For Mokena mom, a first Memorial Day since son’s death in battle

SHARE For Mokena mom, a first Memorial Day since son’s death in battle

The yellow ribbons up and down Pam Toppen’s southwest suburban street have begun to fray.

Gone are the thousands of people who lined the route from Midway Airport to Mokena last June as Army PFC Aaron Toppen’s remains came home from Afghanistan, borne in a simple oak casket.

The mourners carrying fluttering American flags are a memory that grows more distant each day, as are the children who watched the procession with tiny hands held tight to their hearts.

But not quite a year since she lost her son in war, Pam Toppen has discovered something extraordinary: Her town hasn’t just politely moved on.

As Toppen prepared to mark her first Memorial Day since her son’s death, her neighbors and friends were making plans to replace the tattered yellow ribbons on her street to show he is not forgotten.

Mokena has named a portion of Townline Road near the family’s home PFC Aaron S. Toppen Memorial Drive.

The police chief still stops by Toppen’s home, just to check on her.

When the giant banner in Mokena that reads “PFC Aaron Toppen — our hero” started to fade, it was, mysteriously, replaced.

“I have no idea who is doing it — somebody in the community,” says Toppen, 55, a customer-service representative. “I absolutely love it. Tiny things like that mean so much to the family.”

And so does being invited to help lay a wreath in downtown Chicago at the Daley Center Plaza before Saturday’s city of Chicago’s Memorial Day Parade.

***

On a table inside the Toppen family’s blue-gray ranch home, a photograph shows a 5-year-old Aaron. He’s dressed in baggy military fatigues and his grandfather’s U.S. Army helmet. He loved watching the History Channel and always knew he would grow up to be a soldier

“He wanted to be infantry — right up front,” his mother says. “He wanted to be in the Army, and there wasn’t going to be anything changing his mind.”

Toppen enlisted after graduating from Lincoln-Way East High School in 2013. He’d been deployed since March 2014, his departure delayed by the death of his father, Ronald Toppen, from a heart attack the month before.

Toppen was only 19 when he was killed last June 9 along with four American Special Operations Forces members and one Afghani soldier in the deadliest instance of friendly fire since the war in Afghanistan began in 2001. An Air Force B-1 bomber airstrike mistakenly killed Toppen and the others during a battle with insurgent forces in southern Afghanistan. An Army investigation blamed poor communications.

Toppen is the only soldier from Illinois to die in combat duty since last Memorial Day.

Pam Toppen says she still has questions about the circumstances of her son’s death.

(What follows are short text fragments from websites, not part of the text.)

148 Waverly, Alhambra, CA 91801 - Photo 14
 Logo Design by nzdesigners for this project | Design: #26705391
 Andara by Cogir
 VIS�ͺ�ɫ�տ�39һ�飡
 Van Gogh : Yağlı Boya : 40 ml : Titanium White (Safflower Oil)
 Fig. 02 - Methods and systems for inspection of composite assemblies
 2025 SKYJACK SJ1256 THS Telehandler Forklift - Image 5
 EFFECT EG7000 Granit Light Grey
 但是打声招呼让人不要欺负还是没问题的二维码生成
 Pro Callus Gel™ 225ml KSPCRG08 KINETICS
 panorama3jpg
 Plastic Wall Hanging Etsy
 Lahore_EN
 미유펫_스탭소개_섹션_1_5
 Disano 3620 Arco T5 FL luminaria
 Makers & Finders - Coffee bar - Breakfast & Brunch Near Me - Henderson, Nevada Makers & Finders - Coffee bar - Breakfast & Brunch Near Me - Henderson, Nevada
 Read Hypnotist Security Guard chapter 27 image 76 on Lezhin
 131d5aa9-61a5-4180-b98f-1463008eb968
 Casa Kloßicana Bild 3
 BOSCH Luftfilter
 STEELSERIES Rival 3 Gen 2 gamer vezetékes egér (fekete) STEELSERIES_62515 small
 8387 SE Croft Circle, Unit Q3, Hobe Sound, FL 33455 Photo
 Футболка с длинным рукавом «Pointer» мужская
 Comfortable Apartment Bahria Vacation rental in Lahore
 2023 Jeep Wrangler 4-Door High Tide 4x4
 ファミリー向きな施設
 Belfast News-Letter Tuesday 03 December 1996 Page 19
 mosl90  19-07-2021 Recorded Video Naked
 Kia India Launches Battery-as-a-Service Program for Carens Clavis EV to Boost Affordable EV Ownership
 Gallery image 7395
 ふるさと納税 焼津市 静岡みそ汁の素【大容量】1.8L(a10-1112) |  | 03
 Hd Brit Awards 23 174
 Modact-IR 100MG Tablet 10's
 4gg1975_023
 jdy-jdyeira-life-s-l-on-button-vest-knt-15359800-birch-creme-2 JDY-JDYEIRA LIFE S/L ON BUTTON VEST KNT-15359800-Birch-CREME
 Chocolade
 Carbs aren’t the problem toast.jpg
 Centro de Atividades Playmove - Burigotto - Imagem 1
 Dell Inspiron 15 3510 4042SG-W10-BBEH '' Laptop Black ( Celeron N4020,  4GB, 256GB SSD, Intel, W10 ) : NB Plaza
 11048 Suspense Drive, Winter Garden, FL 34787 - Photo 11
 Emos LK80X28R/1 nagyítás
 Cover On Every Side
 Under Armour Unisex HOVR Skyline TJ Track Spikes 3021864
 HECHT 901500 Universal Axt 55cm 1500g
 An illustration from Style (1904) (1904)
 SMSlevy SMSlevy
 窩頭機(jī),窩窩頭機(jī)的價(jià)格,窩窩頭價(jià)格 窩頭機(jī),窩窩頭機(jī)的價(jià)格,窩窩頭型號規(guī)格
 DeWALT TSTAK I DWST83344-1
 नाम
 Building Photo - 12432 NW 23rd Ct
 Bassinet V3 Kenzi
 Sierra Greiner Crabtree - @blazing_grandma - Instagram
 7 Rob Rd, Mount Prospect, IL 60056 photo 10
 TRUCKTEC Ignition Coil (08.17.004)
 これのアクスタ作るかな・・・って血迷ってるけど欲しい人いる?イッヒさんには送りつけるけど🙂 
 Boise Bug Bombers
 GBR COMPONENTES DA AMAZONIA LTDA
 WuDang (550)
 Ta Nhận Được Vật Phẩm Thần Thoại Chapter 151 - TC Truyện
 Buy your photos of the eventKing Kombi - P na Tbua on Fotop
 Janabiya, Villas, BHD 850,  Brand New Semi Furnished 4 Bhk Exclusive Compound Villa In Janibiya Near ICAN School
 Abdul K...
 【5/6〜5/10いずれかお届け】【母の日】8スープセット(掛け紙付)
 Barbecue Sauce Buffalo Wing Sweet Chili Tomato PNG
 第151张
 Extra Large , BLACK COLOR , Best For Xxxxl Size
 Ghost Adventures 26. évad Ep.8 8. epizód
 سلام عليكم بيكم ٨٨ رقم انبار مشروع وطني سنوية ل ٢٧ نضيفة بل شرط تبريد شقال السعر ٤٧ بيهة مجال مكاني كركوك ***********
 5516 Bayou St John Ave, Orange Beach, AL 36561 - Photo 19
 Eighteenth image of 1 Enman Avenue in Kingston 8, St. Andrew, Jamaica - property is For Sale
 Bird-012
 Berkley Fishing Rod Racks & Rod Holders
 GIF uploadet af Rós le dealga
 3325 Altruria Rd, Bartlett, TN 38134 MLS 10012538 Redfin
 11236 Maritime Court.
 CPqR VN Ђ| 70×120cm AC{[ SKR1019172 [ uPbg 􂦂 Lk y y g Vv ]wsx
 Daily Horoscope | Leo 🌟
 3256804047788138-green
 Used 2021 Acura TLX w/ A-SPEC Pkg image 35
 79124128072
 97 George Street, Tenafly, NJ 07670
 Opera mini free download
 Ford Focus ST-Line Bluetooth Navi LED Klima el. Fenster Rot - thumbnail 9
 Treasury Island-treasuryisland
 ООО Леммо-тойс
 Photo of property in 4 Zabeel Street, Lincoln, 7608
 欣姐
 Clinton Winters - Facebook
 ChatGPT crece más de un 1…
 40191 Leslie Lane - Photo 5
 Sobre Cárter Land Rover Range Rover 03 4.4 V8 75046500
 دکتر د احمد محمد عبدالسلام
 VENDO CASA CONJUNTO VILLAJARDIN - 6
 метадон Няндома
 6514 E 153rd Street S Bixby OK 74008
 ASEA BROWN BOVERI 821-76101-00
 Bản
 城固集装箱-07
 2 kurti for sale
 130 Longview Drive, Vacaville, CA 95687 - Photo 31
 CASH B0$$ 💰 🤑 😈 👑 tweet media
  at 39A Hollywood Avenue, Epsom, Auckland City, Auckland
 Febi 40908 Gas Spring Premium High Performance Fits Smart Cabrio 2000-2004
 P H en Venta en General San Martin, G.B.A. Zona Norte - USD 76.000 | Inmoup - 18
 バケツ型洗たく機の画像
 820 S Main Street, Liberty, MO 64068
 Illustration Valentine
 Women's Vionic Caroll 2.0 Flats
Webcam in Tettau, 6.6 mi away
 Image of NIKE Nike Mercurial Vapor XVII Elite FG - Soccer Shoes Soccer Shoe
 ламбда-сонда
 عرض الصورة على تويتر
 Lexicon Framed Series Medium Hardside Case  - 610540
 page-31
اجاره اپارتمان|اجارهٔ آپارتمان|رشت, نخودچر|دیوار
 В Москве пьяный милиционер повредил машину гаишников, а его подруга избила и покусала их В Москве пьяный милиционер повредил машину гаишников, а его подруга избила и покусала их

But she says, “We could be mad all day long, we could try to drag it out, go deeper into it. But is it worth going through the next 10 years living the negative over and over again?”

Instead, she’s doing the only thing that makes sense to her — trying to preserve memories of her boy. Every day, she slips his dog tags around her neck. At her home, a photograph or some other memento always seems to be within arm’s reach. And she’s left Aaron’s bedroom untouched. His signed Paul Konerko baseball still rests on a shelf. Some of his books from childhood slant beside his bed.

“It’s his room,” his mother says through tears. “And it will always be his room.”

***

A sergeant and a military chaplain delivered the news that every military mother dreads in the middle of the night one night last June. Soon after, the gifts began arriving at Toppen’s home. At least a dozen quilts — sent from all over the country. Commemorative candles, keychains. A woodcarving. And cards and letters, too.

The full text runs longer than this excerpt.